Four of these steam-motor locomotives were built by the North British Locomotive Company of Glasgow in 1937, in association with Sentinel Waggon Works Ltd, for hauling passenger trains that were supplied to the Egyptian State Railway at the beginning of of 1938. They were outside-framed 2-4-2 tender engines that were propelled by two Sentinel steam-motors, independently powering the two driving axles. These motors were already proven to give low maintenance costs and favorable consumption rates for steam and lubricating oil, as well as even torque. The boiler was a conventional locomotive-type, unlike other Sentinel designs that favored vertical boilers and chain drives, and was built by the North British Locomotive Company, who also provided the frames and tenders.

Each steam motor was a fully enclosed two-cylinder double-acting single-expansion design. The two cranks were set at 90 degrees as usual to avoid dead-centre problems. The motor housing was supported at the front on the locomotive framework, by a beam with rubber shick absorbers, and at the rear by the driving axle. Power transmission from the roller-bearing crankshaft to the driving axle was by gears inside the steam-motor housing. Each motor produced 200 hp, the twin cylinders having an 11in bore by 12in stroke.

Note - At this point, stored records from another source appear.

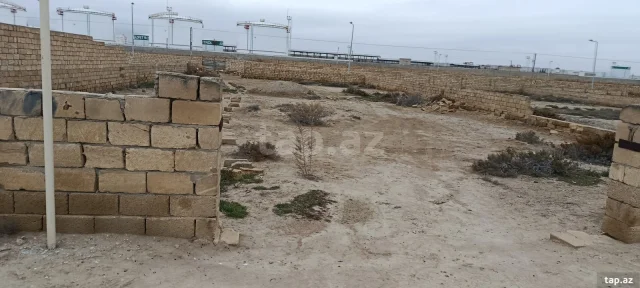 12 sot torpaq sahəsi, Qaradağ r.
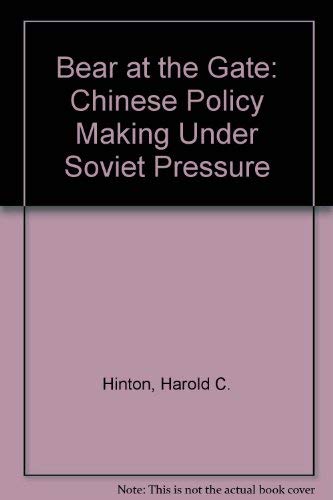 Imagen de archivo de Bear at the Gate: Chinese Policy Making Under Soviet Pressure a la venta por Wonder Book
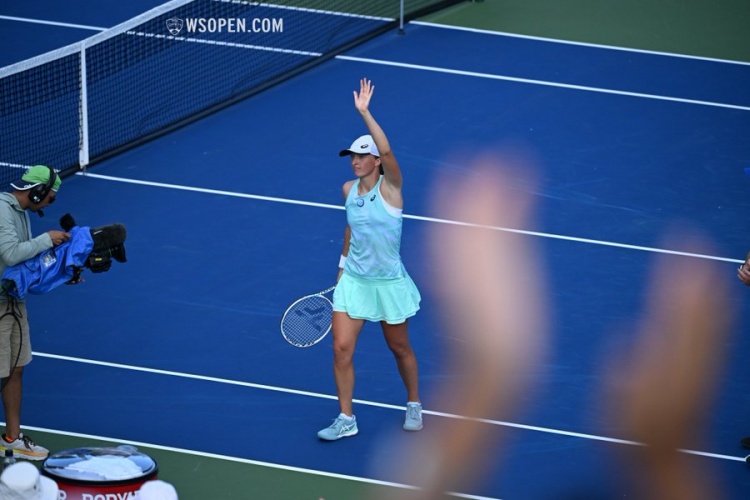 波动较平滑 波动较平滑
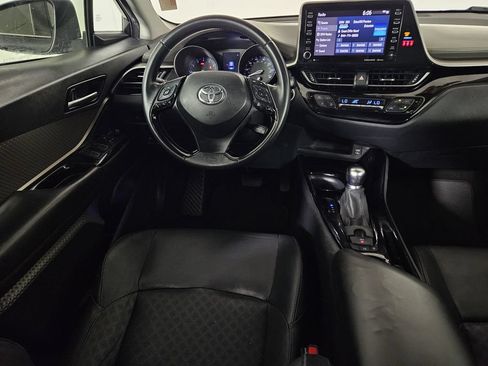 Used 2020 Toyota C-HR Limited FWD image 7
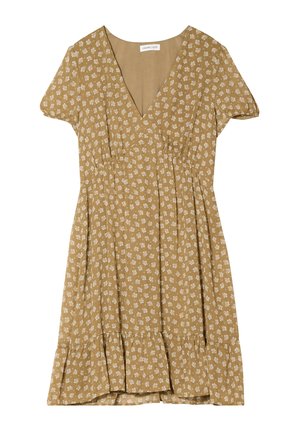 Braunes Blumenkleid mit kurzen Ärmeln, V-Ausschnitt, gerafftem Taillenbereich und einem Rüschensaum. Verziert mit weißen Blumenmustern.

The valve gear was a modified Hackworth design, having piston valves of 5.5in bore. Roller bearings were fitted on the crankshaft, but all other bearings had plain bushes with forced oil lubrication.

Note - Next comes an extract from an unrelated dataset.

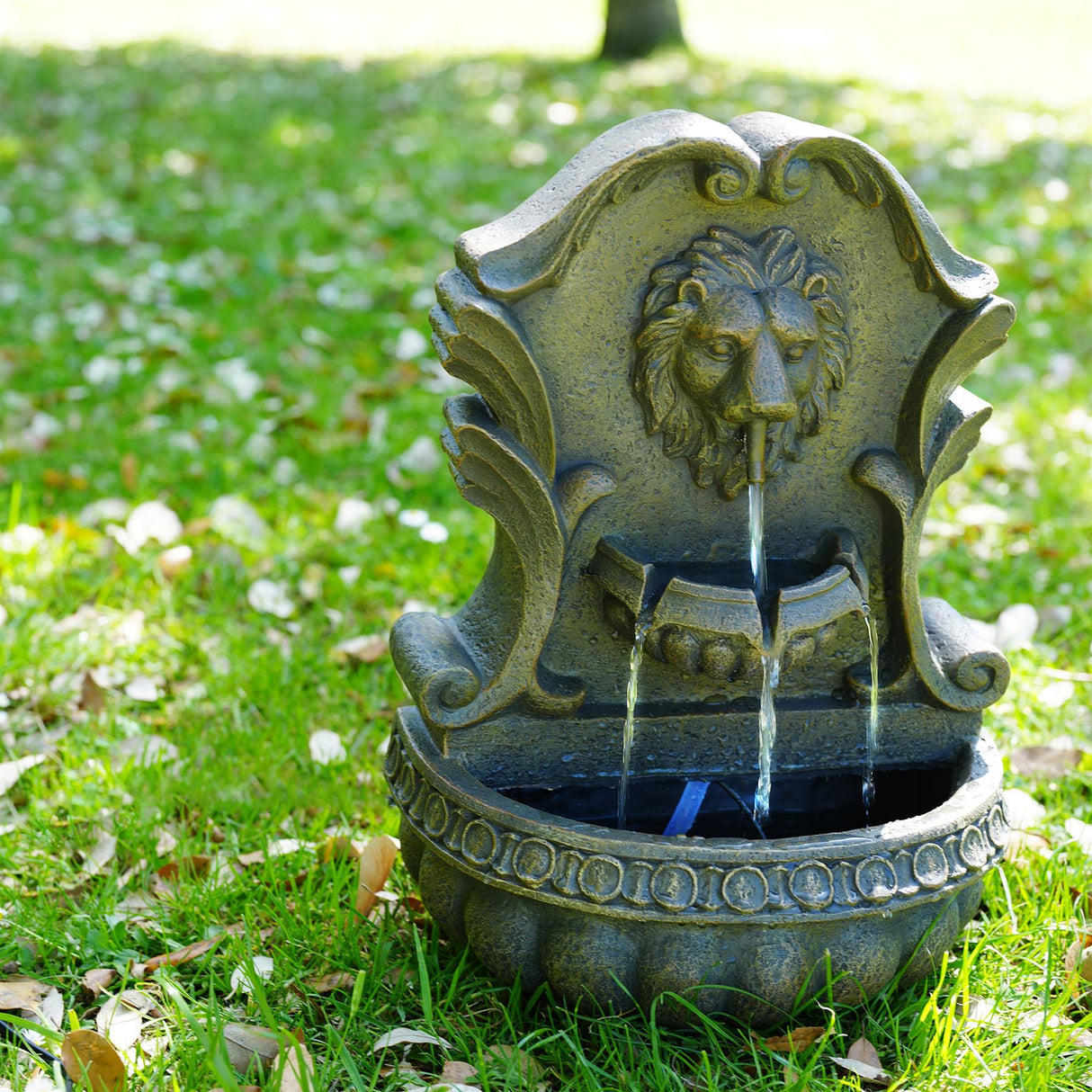 Lion Water Feature Outdoor With LED by GEEZY - UKBuyZone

It is believed that these locomotives, with their fully enclosed machinery, were ordered specifically because conventional exposed coupling rods and valve gears suffered severe wear from the sand of the Egyptian desert environment. They were described as "not very successful" since their machinery was inadequate and proved no more resistant to sand than conventional designs, and once the sand had got in, it was harder to get it out again. They were soon taken out of service but wartime motive-power shortages saw them in use again in 1943. Their exact fate is unknown but all four were presumably scrapped sometime after the events of World War II.